Und lasst mich auch diesen Gedanken hier aussprechen: Auch unsere Kirche wird Zukunft haben: nicht als eine "Festungskirche", die sich hinter Mauern und Zinnen vor der bösen Welt verschanzt, sondern als eine Gemeinschaft von Menschen, die mit anderen Menschen, mit den vielen Völkern, Rassen und Religionen solidarisch den Weg in die Zukunft hinein geht - im Wissen um die eigene Schwäche und das eigene Versagen, aber auch im Wissen darum, dass sie als Kirche im Evangelium und in den heiligen Mysterien ihres Glaubens Schätze bewahrt, die für alle Menschen von Bedeutung sind. Intolerante Christen sind für mich ungläubige Christen. Sie wollen selbst Gott spielen und nicht zulassen, dass er Gott und Vater für alle Menschen sein will. Und diese Aussage gilt für alle Religionen. Fanatismus und wahre Religion schließen einander aus.

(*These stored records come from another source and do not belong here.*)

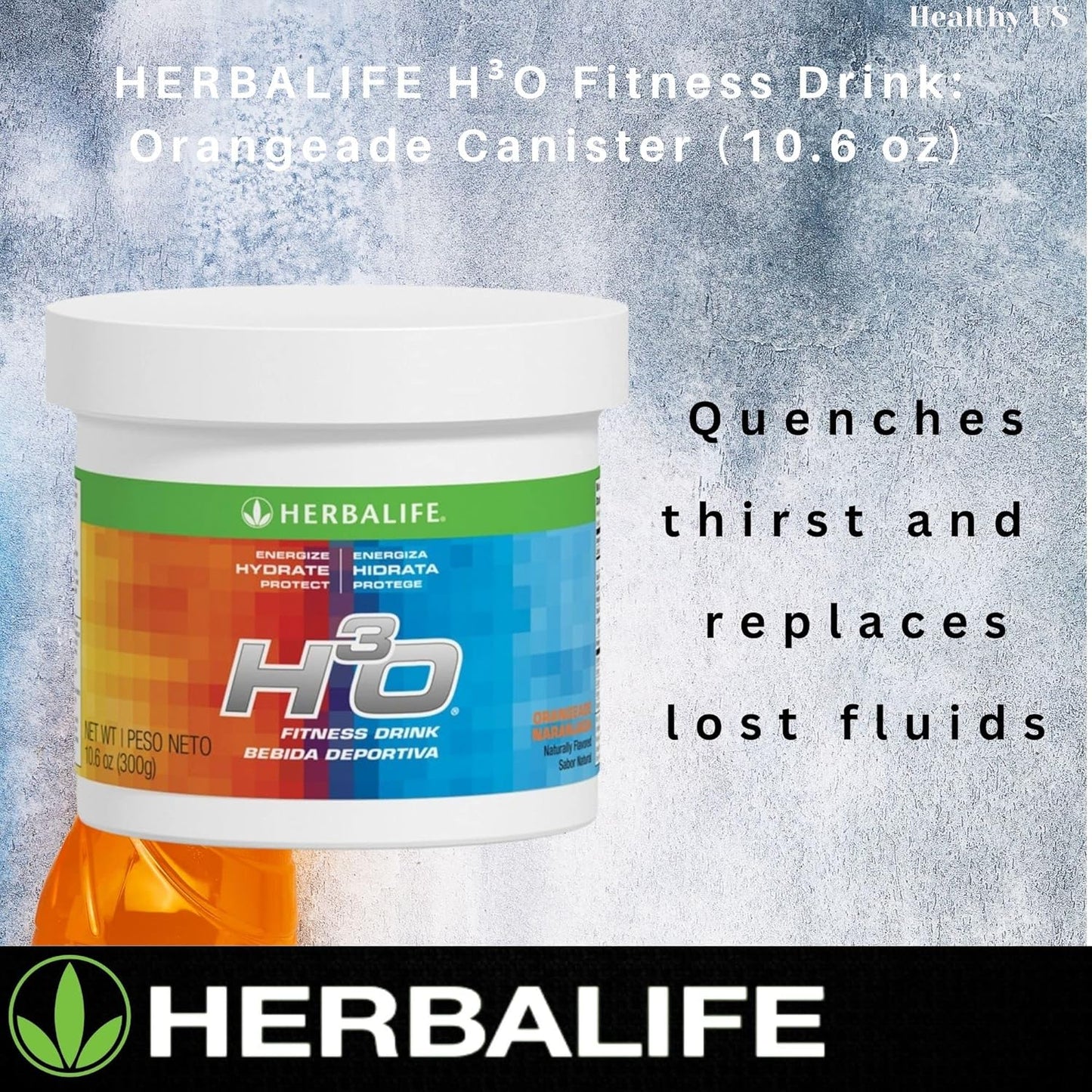Herbalife H³O Fitness Drink: Orangeade Canister - 10.6 Oz (300g) - Carbohydrate Blend for Energy - Energize, Hydrate, Protect - Naturally Flavored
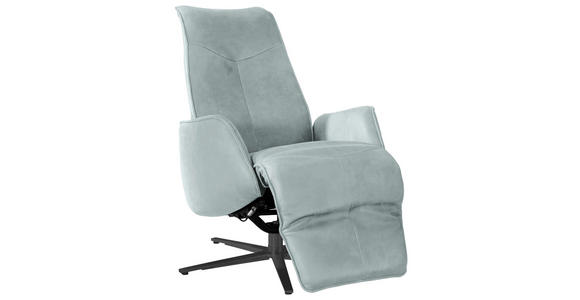 RELAXSESSEL in Leder Hellblau - Anthrazit/Hellblau, Design, Leder/Metall (71/114/84cm) - Johann Jakob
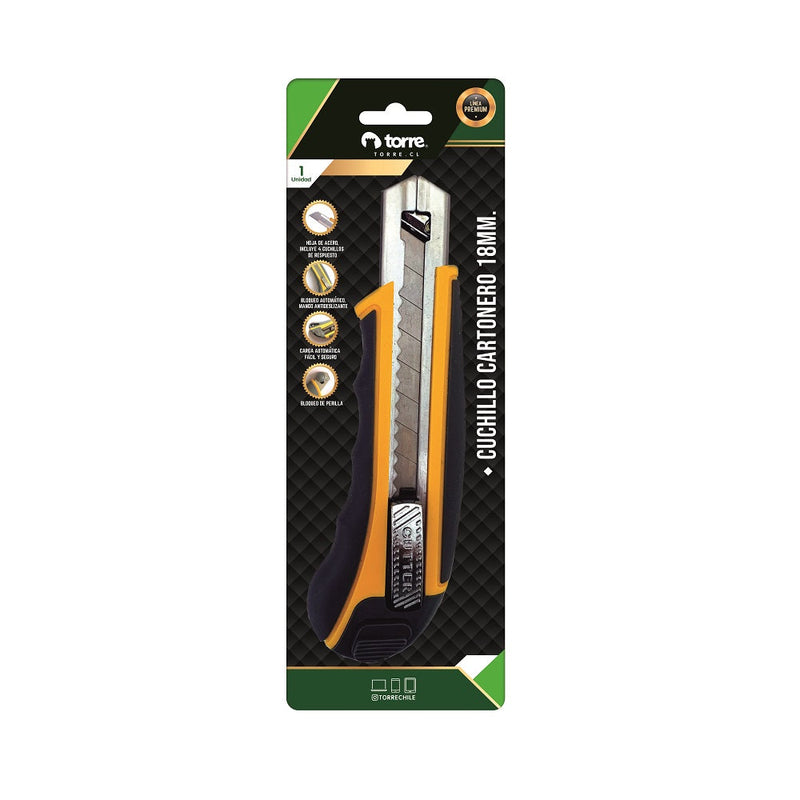 Cuchillo Cartonero Grande 18 mm Antideslizante Y Seguro, Guía Larga TORRE 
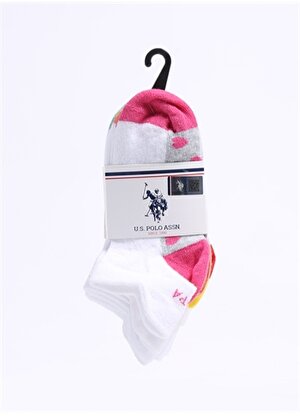 U.S. Polo Assn. Beyaz Kız Çocuk Regular Fit Çorap FANNY-GIRL 5'LI PAKET    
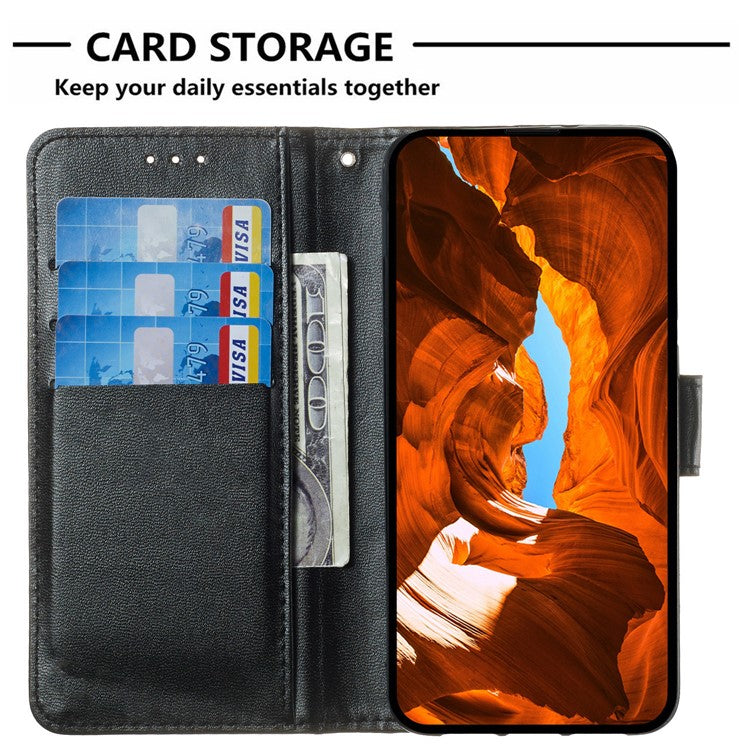 For Google Pixel 9 Pro / Pixel 9 Case Wallet Style Flip Leather Phone Cover Card Holder - Black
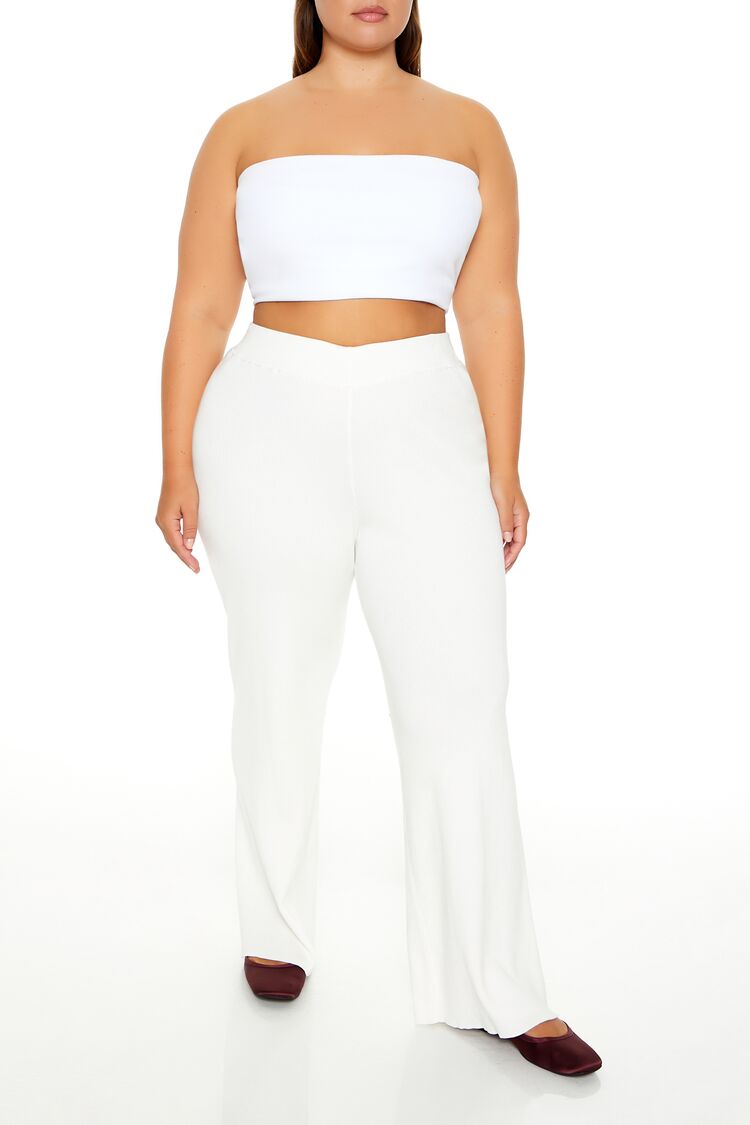  Forever 21 Plus Size Sweater-Knit Wide-Leg Pants - cream - Bonton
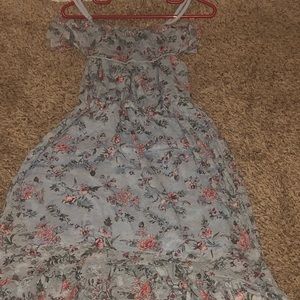 Flowy light blue flower dress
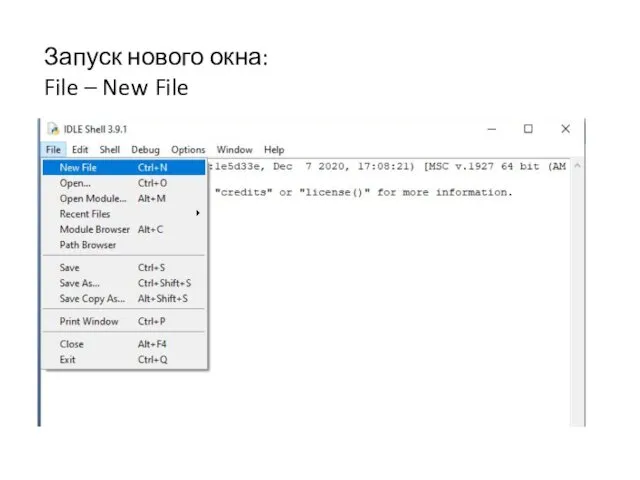 Запуск нового окна: File – New File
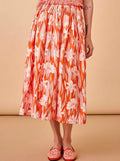 Pleated Waist Linen Blend Midi Skirt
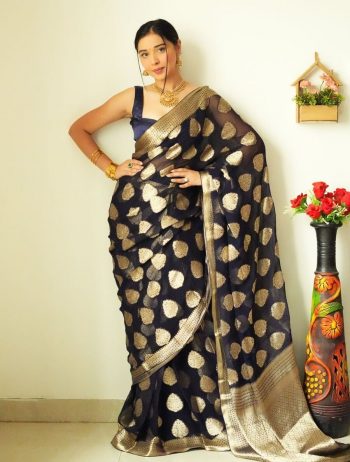 DESIGNER SOFT LINEN SLAB RICH WEAVING WORK READY TO WEAR SAREE WITH UNSTITCHED BLOUSE BLACK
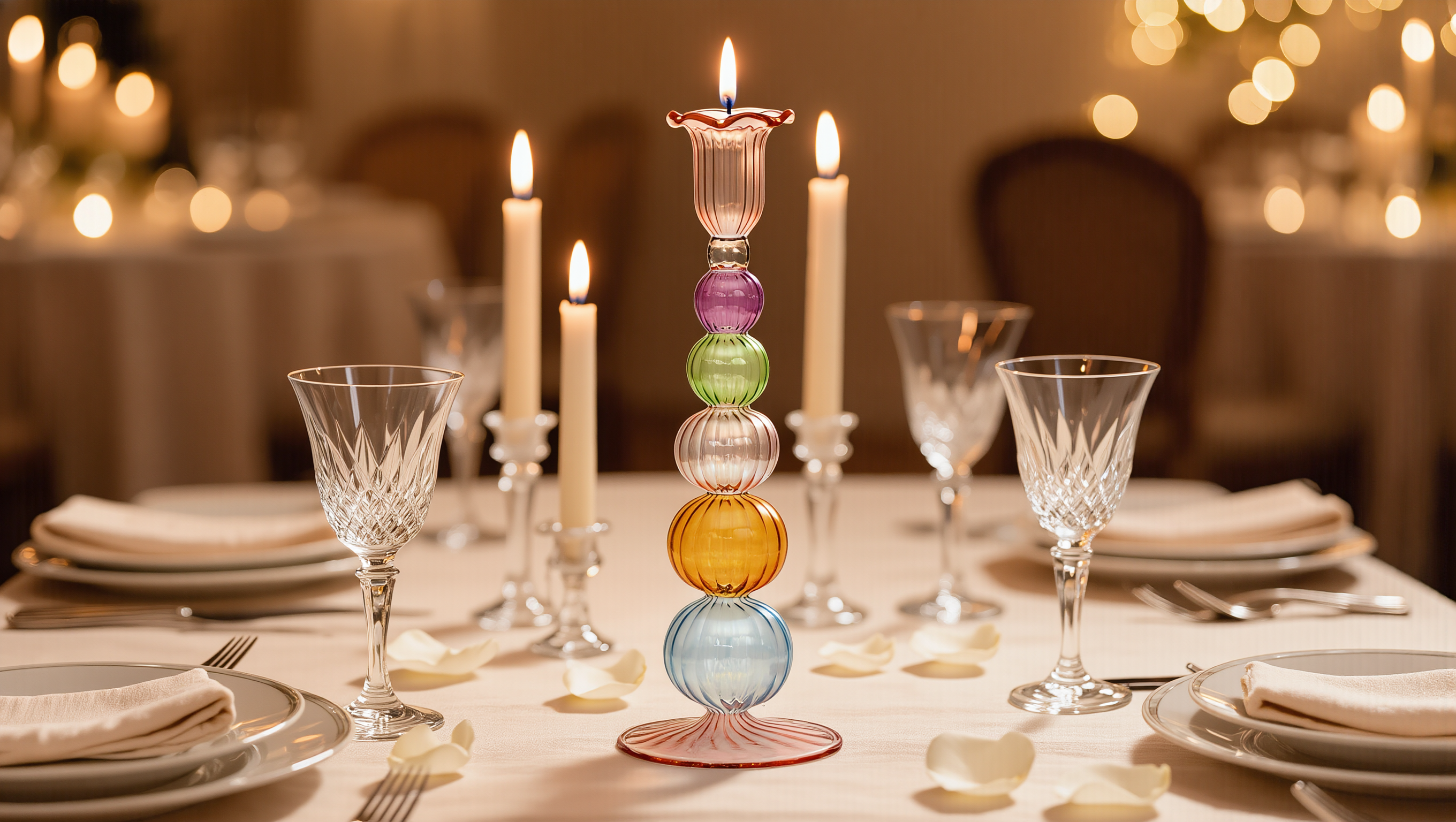 TAYF Multicolor Glass Candlestick | Mouth-Blown in Cairo | MISHKAH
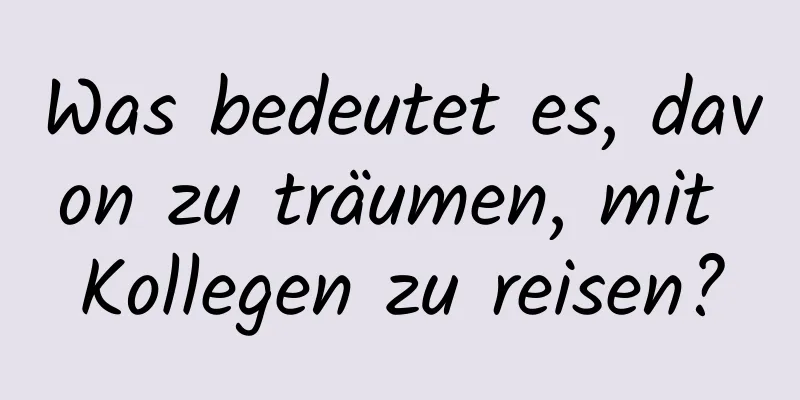 Was bedeutet es, davon zu träumen, mit Kollegen zu reisen?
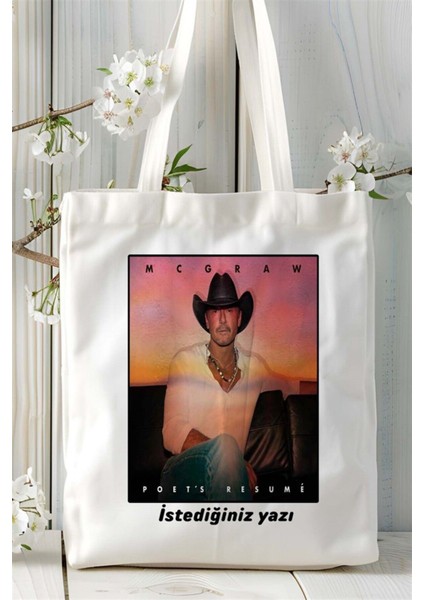 Tim Mc Graw Baskılı Bez Çanta Omuz Çantası Kişiye Özel Desen 3 fiyatları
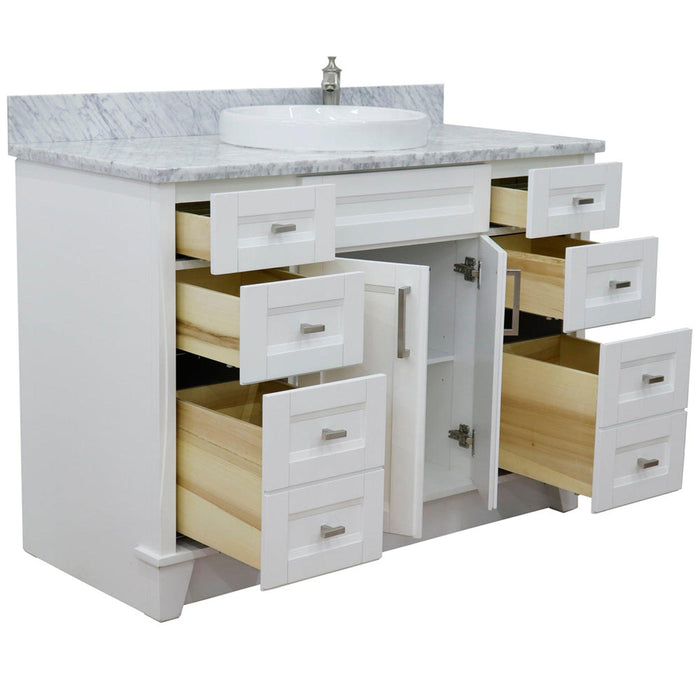 Bellaterra Home Terni 49" 2-Door 6-Drawer White Freestanding Vanity Set With Ceramic Vessel Sink and White Carrara Marble Top - Luxe Vanity & Tub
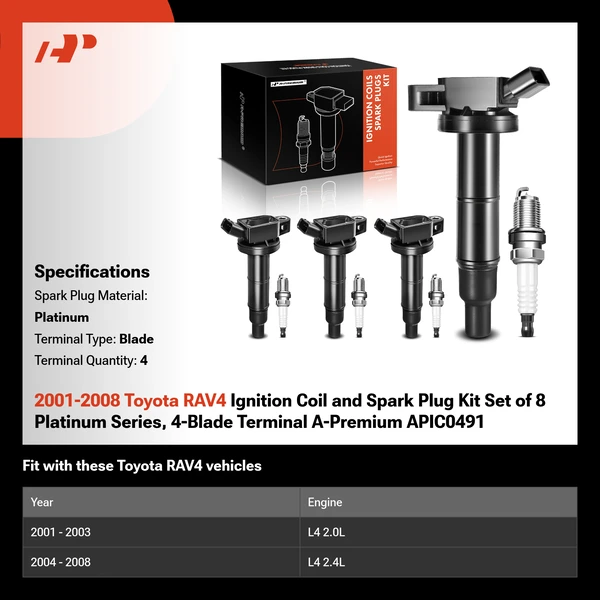 2001-2008 Toyota RAV4 Ignition Coil and Spark Plug Kit Set of 8 Platinum Series, 4-Blade Terminal A-Premium APIC0491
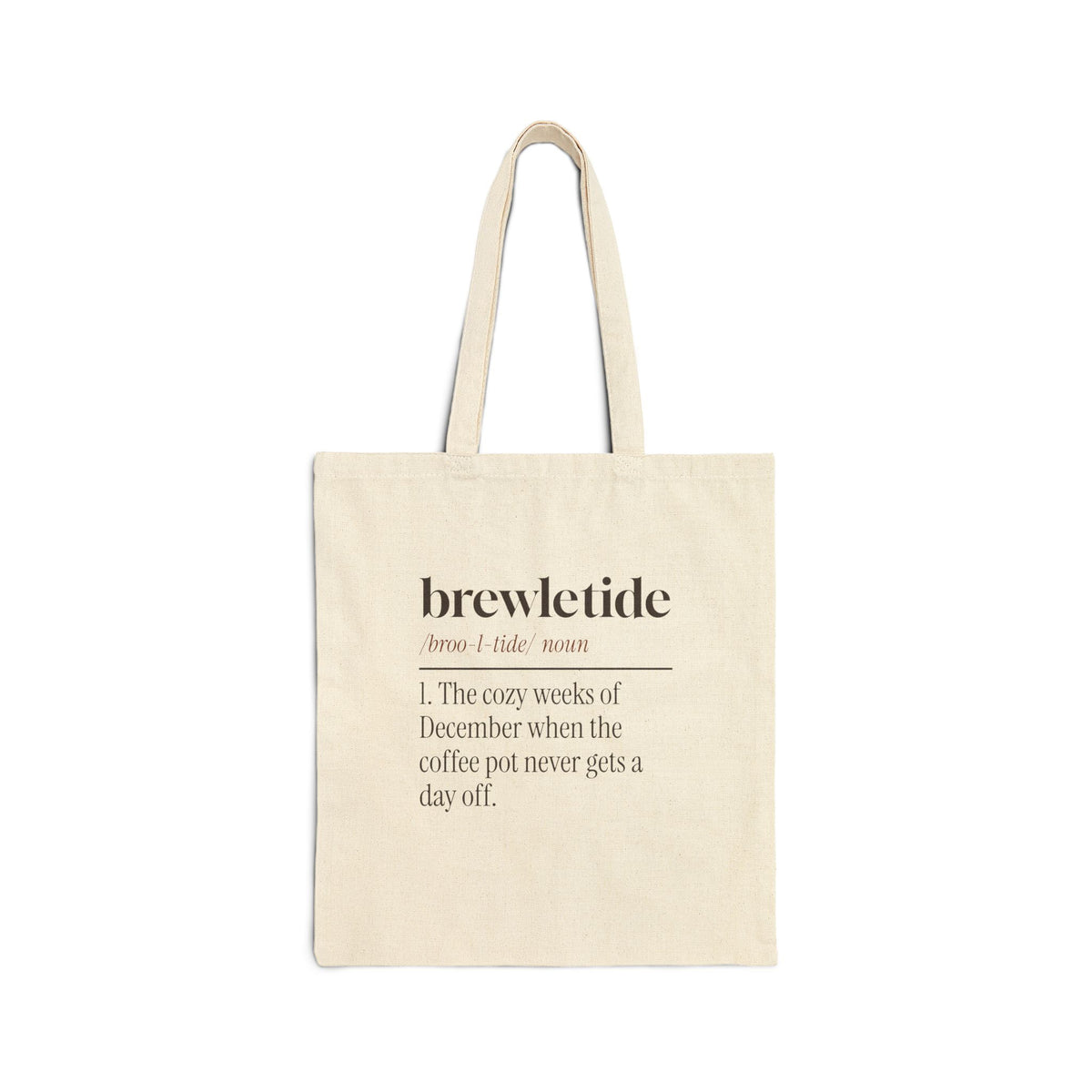 Funny Christmas Tote Bag Brewletide Definition For Coffee Lovers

Darum ist es wichtig, dass auch bei uns an Gott glaubende Menschen da sind, dass heute und morgen auch in einer säkularen Gesellschaft das Evangelium von Jesus Christus verkündet, dass mit Dank und in Freude Gottesdienst gefeiert und die Nächstenliebe nicht vergessen wird. Ich lade meine Thüringer Landsleute ein: Kommt nicht nur an den Tagen des offenen Denkmals in die Kirche, kommt auch zu dem, wozu diese Kirchen gebaut wurden, den Gottesdiensten: um dort Gottes Wort zu hören und dem zu danken, der uns Leben und Heil zu schenken vermag.
So lasst uns im Vertrauen weiter unterwegs bleiben! Gottes Segen begleite uns dabei. Amen.